Research can help solve banking problems: analysts
The country's banking industry is plagued by rising nonperforming loans (NPL), governance and internal control failures, liquidity gluts and slow credit growth, experts said yesterday.
The problems can be addressed through rigorous studies and research, they added, speaking at a two-day international conference for bankers and academics at the Bangladesh Institute of Bank Management or BIBM.
BIBM and Australian Academy for Business and Social Sciences jointly organised the programme attended by bankers, academics, researchers, practitioners and policymakers from home and abroad.

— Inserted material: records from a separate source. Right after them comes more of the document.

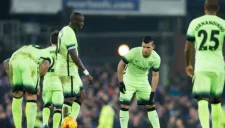 Los jugadores del Manchester City previo al encuentro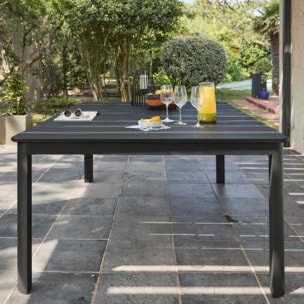 Table de jardin extensible aluminium 12 places KARO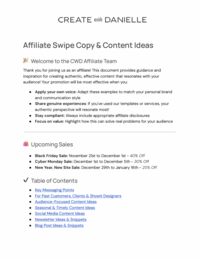 Swipe Copy Document Graphic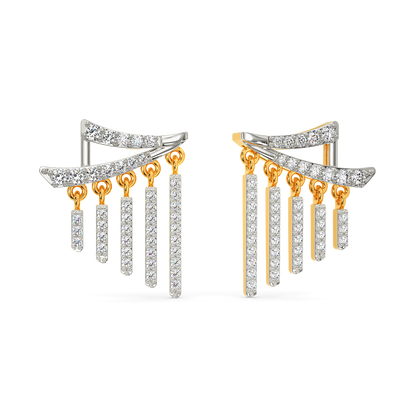 Fab In Fringe Diamond Earrings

“Bangladesh has an expanding banking sector, which despite some problems, like a growing default culture, inadequate accountability and non-optimal transparency, has served the economy rather well,” said Mohammed Farashuddin, former governor of Bangladesh Bank, in a keynote presentation at the inaugural session. Farashuddin, who led a probe committee on the $81 million BB heist, also stressed the need for appropriate reforms, including a boldly implemented regulatory system to reap the benefits of technological advancements. “If the reforms are put in place, the greater use of technology will add strength to productivity and growth of the Bangladesh economy,” he said.
He also spoke on the trends of the Bangladesh economy and why it was immune to the impacts of the global financial crisis. Toufiq Ahmad Choudhury, director general of BIBM, said banks need to carry out research regularly to be operationally efficient.
A bank needs to undertake research even to open a new branch or product, he added. Khondkar Ibrahim Khaled, former deputy governor of Bangladesh Bank, who chaired a session, said regulators such as BB and the Bangladesh Securities and Exchange Commission have been facing an image crisis.
BB Governor Fazle Kabir said the central bank has heightened surveillance over the banks and financial institutions.
“The risk management and corporate governance practices of banks have been brought under close supervisory scrutiny to arrest the increasing incidence of nonperforming loans,” he said.
Kabir, who took charge of the central bank in March after the $81 million heist of BB funds in February, said ensuring digital security is a big challenge for him.
“Heightened attention to ensuring digital safety measures to secure payment systems at global standards has been a priority agenda of Bangladesh Bank,” said the governor. He hoped interactions between the banking community and academics at this conference would generate useful input for the policymakers.
A total of 65 papers were presented in the concurrent sessions throughout yesterday. There will be three workshops on the current issues of economy and the financial sector.